Work to complete: Down to the last line of the listing, starting at the one with "Keezi Kids Bookshelf", retype each line exactly. Do not copy the pictures.

Records to process:
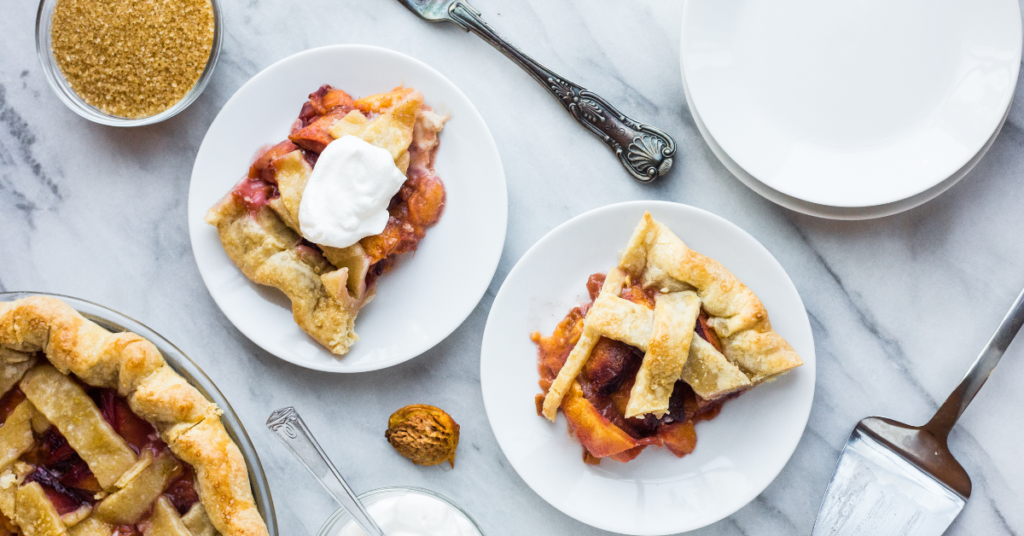 Peach pie slices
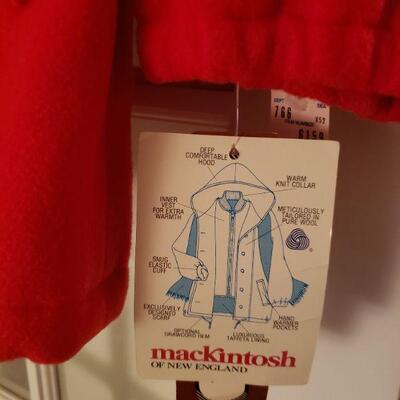Lot 445:  NEW/Old Stock Mackintosh Red Wool Coat with Scarf (Ladies size 14)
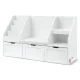 Keezi Kids Bookshelf & Storage Unit: 140cm White Organiser with Reading Bench, 3 Movable Drawers, and Safety Features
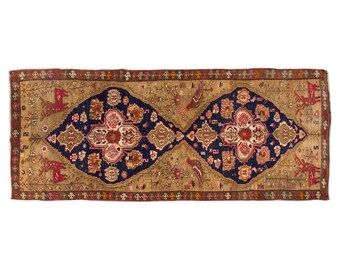 Turkish Rug, Vintage Rug, Area Rug, 4.11 x 12.7 feet, Oushak Rug, Antique Rug, Oriental Rug, Handmade Rug, Decorative Rug, Large Rug,Old Rug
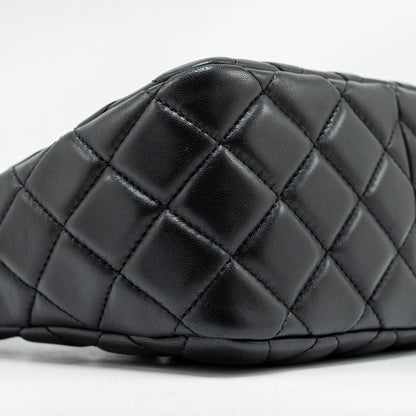 Chanel 22B Pearl Crush Hobo Bag Lambskin BLACK  (Microchip)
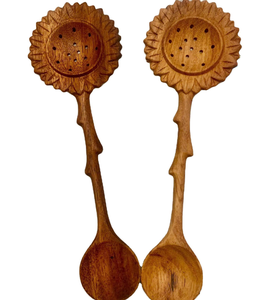 Handmade Wooden Spoon- Handcrafted Sunflower Wooden Slotted Spoon - Product Image 1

Response:
 Keezi Kids Bookshelf & Storage Unit: 140cm White Organiser with Reading Bench, 3 Movable Drawers, and Safety Features
 Turkish Rug, Vintage Rug, Area Rug, 4.11 x 12.7 feet, Oushak Rug, Antique Rug, Oriental Rug, Handmade Rug, Decorative Rug, Large Rug,Old Rug
 Chanel 22B Pearl Crush Hobo Bag Lambskin BLACK  (Microchip)
 Handmade Wooden Spoon- Handcrafted Sunflower Wooden Slotted Spoon - Product Image 1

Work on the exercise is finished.